Service by mail or publication shall be allowed only in actions affecting specific property or status or other proceedings in rem. The party desiring service of process by publication or mail shall file a motion verified by the oath of such party or of someone in the party’s behalf for an order of service by mail or publication. It shall state the facts authorizing such service, and shall show the efforts, if any, that have been made to obtain personal service and shall give the address, or last known address, of each person to be served or shall state that the address and last known address are unknown. The court shall hear the motion ex parte and, if satisfied that due diligence has been used to obtain personal service or that efforts to obtain the same would have been to no avail, shall:

  • Order the clerk to send by registered or certified mail a copy of the process addressed to such person at such address, requesting a return receipt signed by the addressee only. Such service shall be complete on the date of the filing of the clerk’s proof thereof, together with such return receipt attached thereto signed by such addressee, or
  • Order publication of the process in a newspaper published in the county in which the action is pending. Such publication shall be made for four weeks. Within fifteen days after the order the clerk shall mail a copy of the process to each person whose address or last known address has been stated in the motion. Service shall be complete on the day of the last publication. If no newspaper is published in the county, the court shall designate one in some adjoining county.

Manner of Proof.

  • If served in a state or territory of the United States by a sheriff or United States marshal, or a deputy, by such person’s certificate with a statement as to date, place, and manner of service;
  • If by any other person, by the person’s affidavit thereof, with the same statement;
  • If by mail, by the certificate of the clerk showing the date of the mailing, and the date the clerk received the return receipt;
  • If by publication, by the affidavit of publication, together with the certificate of the clerk as to the mailing of copy of the process where required;
  • By the written admission or waiver of service by the person or persons to be served, duly acknowledged.

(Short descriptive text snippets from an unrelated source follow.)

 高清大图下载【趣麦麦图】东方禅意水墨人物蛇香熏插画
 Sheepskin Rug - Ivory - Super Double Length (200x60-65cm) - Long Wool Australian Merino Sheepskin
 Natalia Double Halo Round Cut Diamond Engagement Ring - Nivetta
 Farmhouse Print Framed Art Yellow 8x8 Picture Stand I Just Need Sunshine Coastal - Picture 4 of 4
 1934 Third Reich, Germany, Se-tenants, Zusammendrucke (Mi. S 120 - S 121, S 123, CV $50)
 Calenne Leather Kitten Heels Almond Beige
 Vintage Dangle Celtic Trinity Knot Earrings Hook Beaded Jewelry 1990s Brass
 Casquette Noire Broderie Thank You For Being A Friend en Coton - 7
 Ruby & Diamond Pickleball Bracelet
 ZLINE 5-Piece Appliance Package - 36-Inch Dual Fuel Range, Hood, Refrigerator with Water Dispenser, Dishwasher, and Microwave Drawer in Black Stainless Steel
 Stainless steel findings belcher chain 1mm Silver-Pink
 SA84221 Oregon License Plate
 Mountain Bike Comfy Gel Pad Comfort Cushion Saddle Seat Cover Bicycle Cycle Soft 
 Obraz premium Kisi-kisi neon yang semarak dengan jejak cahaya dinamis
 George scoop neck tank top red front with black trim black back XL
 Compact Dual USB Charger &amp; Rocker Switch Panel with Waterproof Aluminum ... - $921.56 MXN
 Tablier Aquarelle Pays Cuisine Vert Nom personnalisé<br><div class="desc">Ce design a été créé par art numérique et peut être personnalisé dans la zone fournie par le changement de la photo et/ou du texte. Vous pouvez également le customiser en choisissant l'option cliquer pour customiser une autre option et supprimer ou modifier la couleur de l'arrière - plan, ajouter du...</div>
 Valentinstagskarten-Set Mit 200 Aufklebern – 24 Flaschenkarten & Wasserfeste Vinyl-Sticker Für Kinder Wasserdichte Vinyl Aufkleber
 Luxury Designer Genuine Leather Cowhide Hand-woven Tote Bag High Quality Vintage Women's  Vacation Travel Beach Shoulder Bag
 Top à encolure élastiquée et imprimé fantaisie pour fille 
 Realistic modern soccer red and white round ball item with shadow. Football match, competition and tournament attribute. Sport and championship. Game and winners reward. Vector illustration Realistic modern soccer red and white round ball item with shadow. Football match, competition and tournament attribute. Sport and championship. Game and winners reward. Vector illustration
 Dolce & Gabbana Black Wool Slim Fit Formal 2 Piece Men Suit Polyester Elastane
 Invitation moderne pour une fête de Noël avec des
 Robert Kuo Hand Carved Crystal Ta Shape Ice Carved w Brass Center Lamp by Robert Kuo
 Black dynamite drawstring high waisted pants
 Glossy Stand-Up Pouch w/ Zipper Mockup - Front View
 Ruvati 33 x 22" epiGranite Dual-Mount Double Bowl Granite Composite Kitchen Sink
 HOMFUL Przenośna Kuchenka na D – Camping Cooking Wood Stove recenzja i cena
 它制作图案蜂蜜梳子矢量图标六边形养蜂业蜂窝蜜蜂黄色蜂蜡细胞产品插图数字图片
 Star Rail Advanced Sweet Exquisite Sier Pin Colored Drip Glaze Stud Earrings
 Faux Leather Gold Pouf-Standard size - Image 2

Waiver of Service of Summons.

A defendant who waives service of a summons does not thereby waive any objection to the venue or to the jurisdiction of the court over the person of the defendant.

Amendment.

At any time in its discretion and upon such terms as it deems just, the court may allow any process or proof of service thereof to be amended, unless it clearly appears that material prejudice would result to the substantial rights of the party against whom the process is issued.

Refusal of Copy.

If a person to be served refuses to accept a copy of the process, service shall be sufficient if the person serving the process knows or has reason to identify the person who refuses to be served, identifies the documents being served and offers to deliver a copy of the documents to the person who refuses to be served and thereafter leaves the copy in a conspicuous place.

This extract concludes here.